In this sometimes mindless city I live in, any place you order a pastrami sandwich, they boil it in water with a heaping helping of mustard. As a result you get a mustard tasting sandwich with some tasteless meat. 

So how do you fix your pastrami sandwiches?


----------



## msmofet (Mar 16, 2015)

This is a tru infra red gas smoker with a wood chip/ smoker box  

I have a packaged corned beef that was on sale.


----------



## CraigC (Mar 16, 2015)

msmofet said:


> This is a tru infra red gas smoker with a wood chip/ smoker box
> 
> I have a packaged corned beef that was on sale.



Is the brisket whole or just the flat?
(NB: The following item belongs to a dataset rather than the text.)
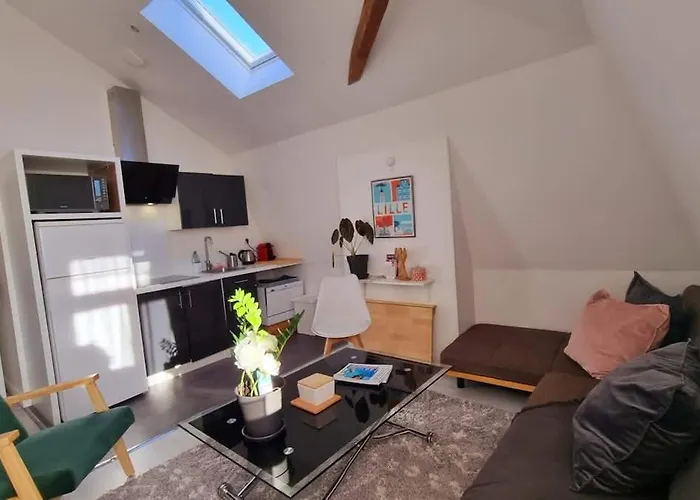 Appartement Jasmine-proche Gare Grd Palais Zenith&centre Lille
I've seen methods that coat with mustard and then apply the rub, but I decided to K.I.S.S. on the first attempt and the simple rub sounded good.

I hope your smoker doesn't want you to soak the chips as that is some nasty smoke, very acrid.


----------



## msmofet (Mar 16, 2015)

CraigC said:


> Is the brisket whole or just the flat? I've seen methods that coat with mustard and then apply the rub, but I decided to K.I.S.S. on the first attempt and the simple rub sounded good.
> 
> I hope your smoker doesn't want you to soak the chips as that is some nasty smoke, very acrid.
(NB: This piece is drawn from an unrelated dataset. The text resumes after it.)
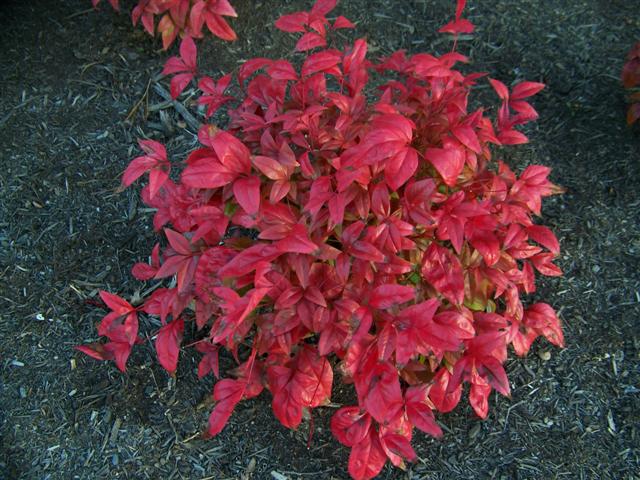 Picture of Nandina domestica  Heavenly Bamboo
Whole and you put dry chips in the box.


----------



## Zhizara (Mar 16, 2015)

Hi Mamofet!  Nice to see you again!


----------



## Roll_Bones (Mar 18, 2015)

I had no idea that pastrami is just smoked corned beef?


----------



## CraigC (Mar 18, 2015)

Roll_Bones said:


> I had no idea that pastrami is just smoked corned beef?
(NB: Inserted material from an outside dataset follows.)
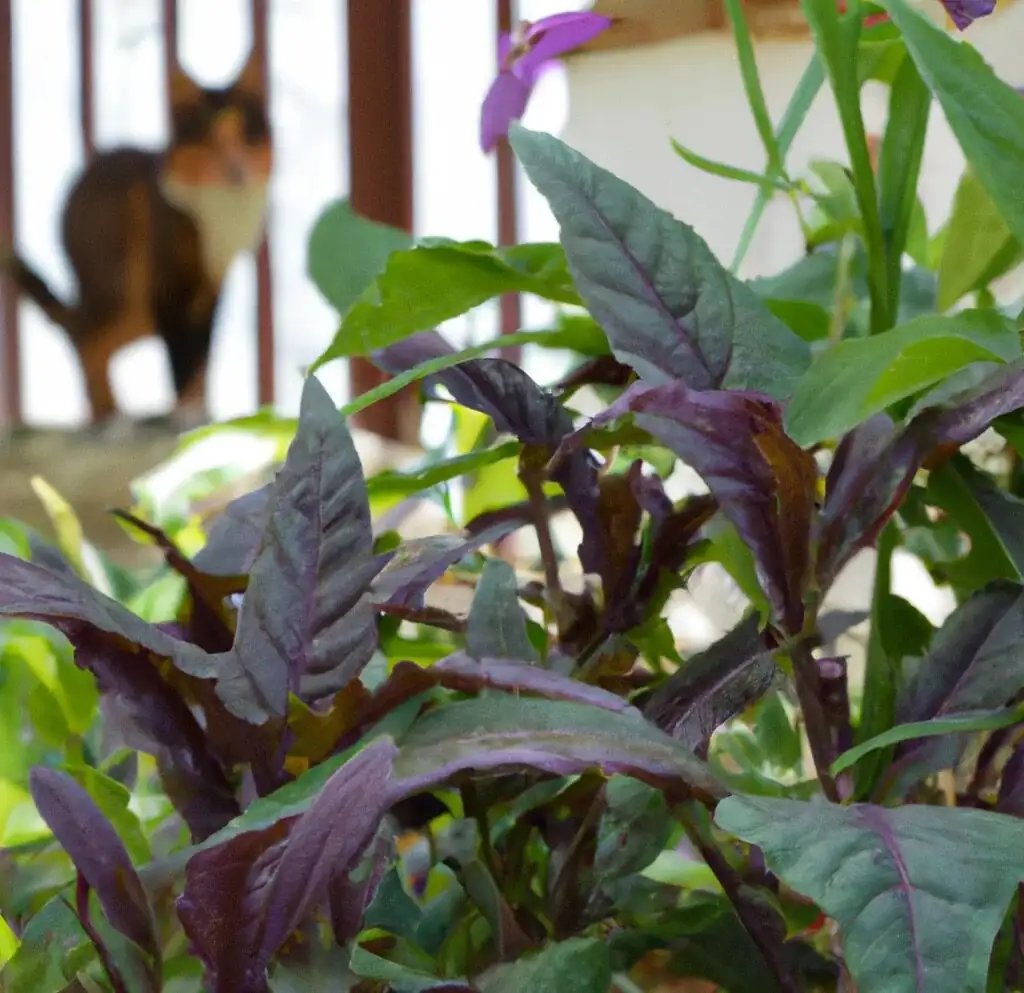 purple passion plant cat safe placement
Pretty much, just a peppery spice rub, smoke and steamed to finish.


----------



## Addie (Mar 18, 2015)

The one I cooked today had a little packet of spices. I didn't care for it on the last one I cooked, so I tossed it and used two tablespoons of McComick Pickling Spice. So much better. I also added about three red pepper flakes to the water. Those are some powerful flakes. I still can feel the heat.


----------



## CraigC (Mar 18, 2015)

Addie said:


> The one I cooked today had a little packet of spices. I didn't care for it on the last one I cooked, so I tossed it and used two tablespoons of McComick Pickling Spice. So much better. I also added about three red pepper flakes to the water. Those are some powerful flakes. I still can feel the heat.



??????????? We're past the corned beef stage and on to the pastrami which minimally uses a heavy black pepper rub. Are you one the same page?


----------



## Addie (Mar 19, 2015)

CraigC said:


> ??????????? We're past the corned beef stage and on to the pastrami which minimally uses a heavy black pepper rub. Are you one the same page?



Craig,  I don't even think I am in the same book some of the times.


----------



## FrankZ (Mar 19, 2015)

Addie said:


> The one I cooked today had a little packet of spices. I didn't care for it on the last one I cooked, so I tossed it and used two tablespoons of McComick Pickling Spice. So much better. I also added about three red pepper flakes to the water. Those are some powerful flakes. I still can feel the heat.



You used 3 whole flakes?  You wild woman..  

We measure our crushed red pepper in pinches...


----------



## Addie (Mar 19, 2015)

FrankZ said:


> You used 3 whole flakes?  You wild woman..
> 
> We measure our crushed red pepper in pinches...



Food with heat really upsets my system. I used to eat Italian sausages with streaks of red pepper flakes in them. I would bake a whole pan of them. No more. Tummy is too sensitive to it. My wild days are gone, I am afraid.


----------



## RPCookin (Mar 20, 2015)

FrankZ said:


> You used 3 whole flakes?  You wild woman..
> 
> We measure our crushed red pepper in pinches...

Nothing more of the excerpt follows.